For more information regarding the security incident at F5, the actions we are taking to address it, and our ongoing efforts to protect our customers, click here.

Forum Discussion

Chadwick_McInni's avatar
Chadwick_McInni
Icon for Nimbostratus rankNimbostratus
Oct 04, 2005

iRule that generates an email

Is there a way to have an iRule generate an email from the BigIP when an event happens? For example, we want an email to be sent to a group whenever a certain vip is hit 10 times in one minute from the same IP.

 

 

Thanks,

 

Chad
application delivery
dev
devops
iRules

5 Replies

  • Colin_Walker_12's avatar
    Colin_Walker_12
    Historic F5 Account
    Oct 04, 2005
    Chad,

     

     

    At this time there isn't the capability built in to fire an email from within an iRule.

     

     

    You can, however, set syslog-ng to send an email based on a trap that comes through when a certain event is logged. You can then build an iRule to log that event (via the log command) in the needed format so that syslog-ng picks up on it, and sends the email.

     

     

    Here's some info on syslog-ng from the BIG-IP 9 manual. Click here

     

     

    Hopefully this will get you started.

     

     

    -Colin
  • Chadwick_McInni's avatar
    Chadwick_McInni
    Icon for Nimbostratus rankNimbostratus
    Nov 23, 2005
    We have syslog-ng setup to email us whenever the term "script_kiddies" shows up in the ltm logs. I've used unRuley's post (http://devcentral.f5.com/Default.aspx?tabid=28&view=topic&forumid=5&postid=2169) as a starting point for our rule to notify us when one connection hits a particular site more than three times per second. The rule I've written is not looping correctly, any suggestions?
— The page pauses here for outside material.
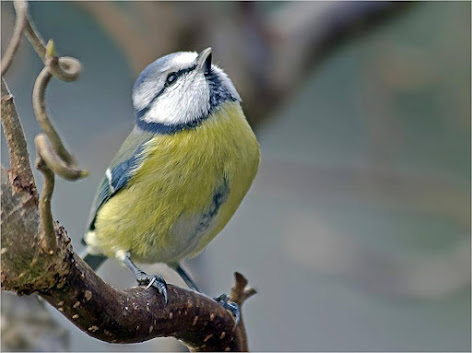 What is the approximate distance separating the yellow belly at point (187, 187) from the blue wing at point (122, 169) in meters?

Here's the rule I have so far:

     
when HTTP_REQUEST {
   log "$reqs_sec [HTTP::uri]"
   set cur_time [clock seconds]
   if { [HTTP::request_num] > 1 } {
      if { $cur_time == $start_time } {
        if { [HTTP::uri] contains "SomethingInTheURI" } { 
         incr reqs_sec 
         log "$reqs_sec"         
         if { $reqs_sec > "3" } {
           log "to [HTTP::uri]"
           log "script_kiddies from [IP::client_addr] hit [HTTP::uri] three or more times per second at $cur_time"
           return
         }
       }
   }   
}
  set reqs_sec "0" 
  set start_time $cur_time
}

    Here's is unRuleY's original rule:

    when HTTP_REQUEST { 
    set cur_time [clock seconds] 
    if { [HTTP::request_num] > 1 } { 
       if { $cur_time == $start_time } { 
          if { $reqs_sec > 3 } { 
             HTTP::respond 503 Retry-After 2 
          } 
          incr reqs_sec 
          return 
       } 
    } 
    set start_time $cur_time 
    set reqs_sec 0 
 }

  • Colin_Walker_12's avatar
    Colin_Walker_12
    Historic F5 Account
    Nov 30, 2005
    When you say it's not looping properly...what do you mean? Could you provide some more clarification as to how the iRule is behaving in comparison to how you'd like it to behave?

     

     

    Thanks,

     

    -Colin
  • unRuleY_95363's avatar
    unRuleY_95363
    Historic F5 Account
    Dec 01, 2005
    I think you may want to place the

    if { [HTTP::uri] contains "SomethingInTheURI" } {

    at a higher level (perhaps combined with the HTTP::requests > 1 line.

    Basically, I think you have a logic problem. You should map out a logic table and see if it is what you expect. (A logic table is where you take all the variables/inputs and then assign them the range of logical values and map out the results).